The company’s most recent valuation was pegged earlier this year at $72bn. But that was based on Uber becoming the global winner in ride-hailing and logistics, a vision it has retrenched from, and public investors may see a smaller company worth less.
Uber can expect a valuation haircut in an IPO if it does not show more progress towards becoming profitable, said David Brophy, professor of finance at the University of Michigan.
Adjusted losses in the first quarter were $312m, excluding gains from Uber selling some overseas businesses to local competitors. The sale of its Russia and South East Asia operations resulted in a one-time $2.5bn gain in the first quarter and lowered second-quarter costs.
Under pressure from its board, Uber has endeavoured to find more savings after years of a growth-at-all-cost mentality under prior chief executive Travis Kalanick, enabled by billions of dollars in private investment.
The company had $12bn in quarterly gross bookings, which includes rides and Uber Eats, up 6 per cent from the previous quarter and about 40 per cent from a year before.

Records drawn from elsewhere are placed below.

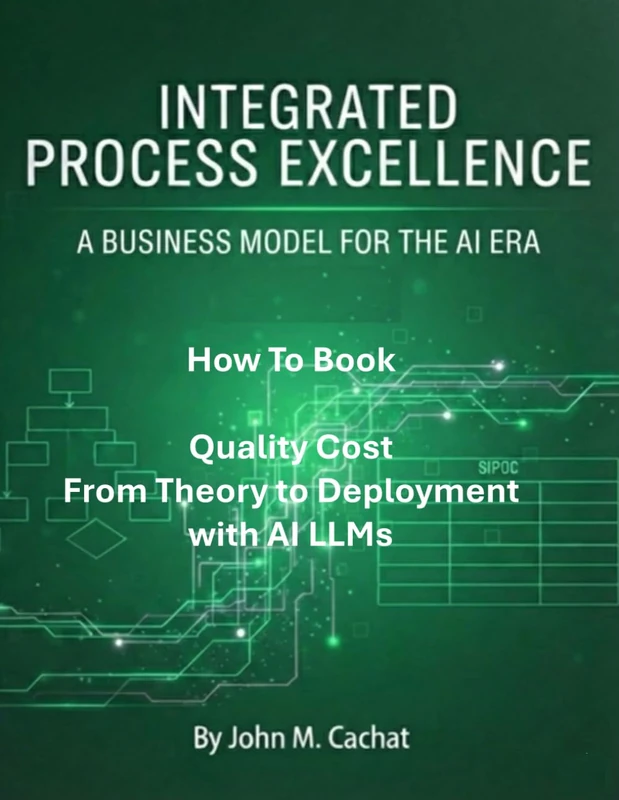 Quality Cost From Theory to Deployment with AI LLMs: Leveraging the IPE Process Platform (Integrated Process Excellence (IPE))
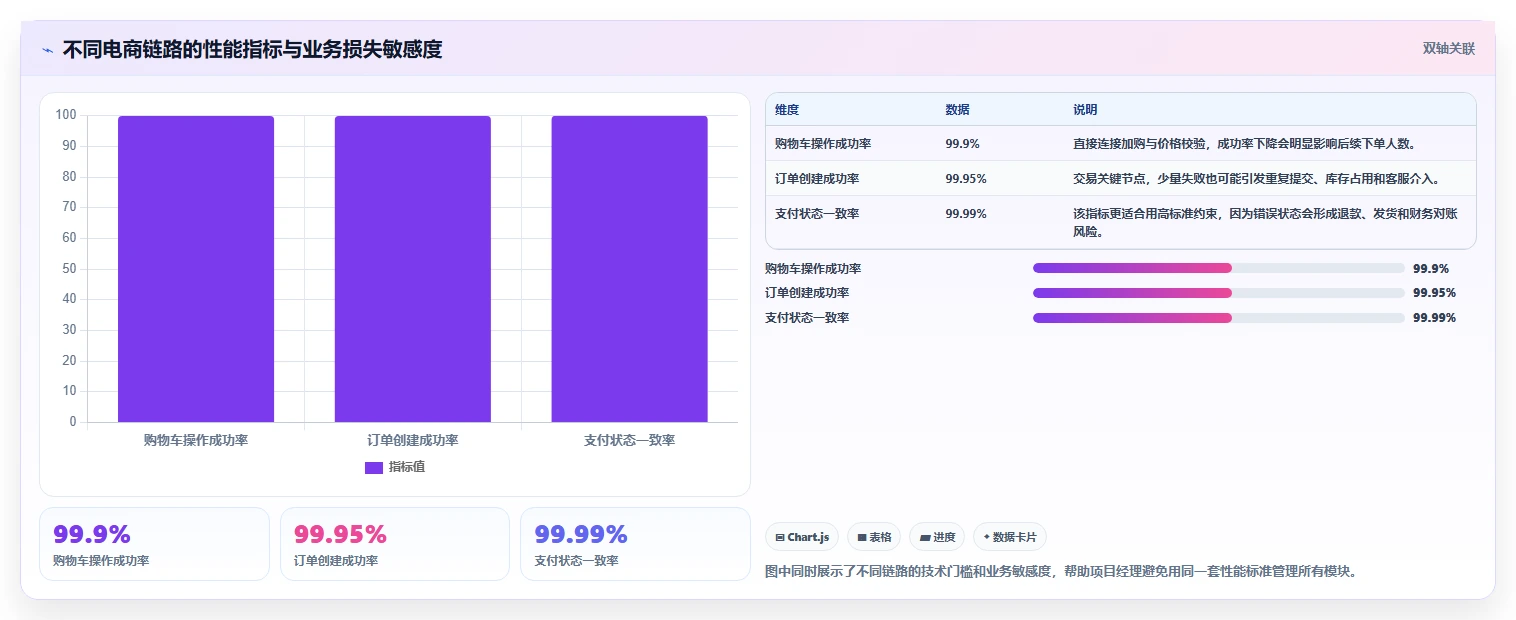 电商系统开发：项目经理从零入门：项目立项先掌握性能优化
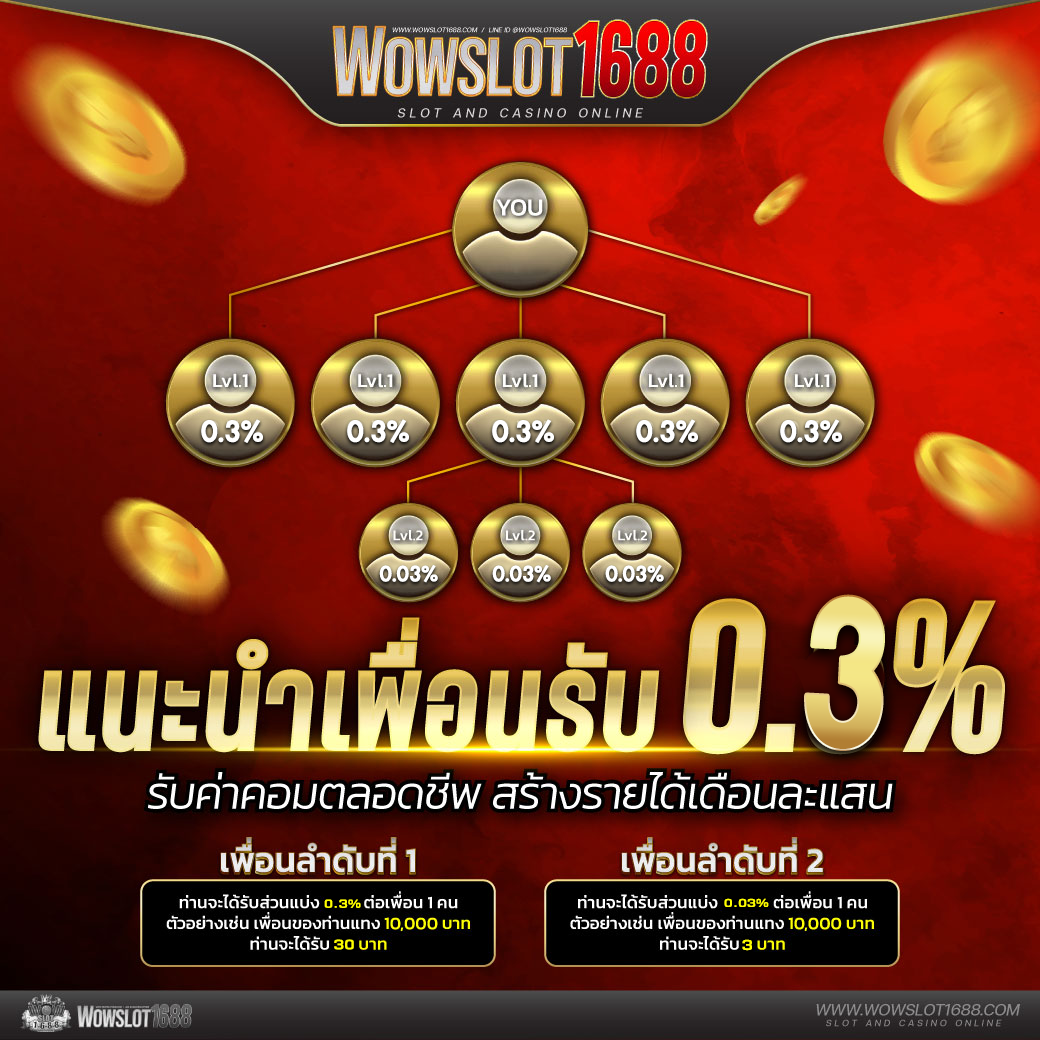 fafa888 สล็อต เว็บตรง ฝากถอนออโต้ ไม่ผ่านเอเย่นต์ 2026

Net revenue, which strips out what is paid to drivers as well as promotions and refunds, was $2.8bn, up 8 per cent over the first quarter and more than 60 per cent from last year.
“We had another great quarter, continuing to grow at an impressive rate for a business of our scale,” Mr Khosrowshahi said in a statement.
Uber is a private company and not required to publicly disclose its finances, but recently boosted transparency by starting to release selected figures as it eyes an initial public offering.
Faced with criticism about flooding cities with cars, Uber is spending on bike and scooter rentals, including its acquisition of Jump electric bikes in April.
While Uber has retreated from China, South East Asia and Russia, it says it is sticking with India and the Middle East, tough markets with strong local competitors.
“We are cementing our leadership position,” in India and the Middle East, Mr Khosrowshahi said.
Several Uber investors have told Reuters they want Uber to also leave these costly markets and focus on North America, where US-based Lyft continues to pose a threat, and pull back on ancillary businesses such as Uber Freight.
Uber has $7.3bn in cash on hand, up $1bn from the end of the first quarter. The company listed an inflow of $1.5bn from term loan issuance, net of costs.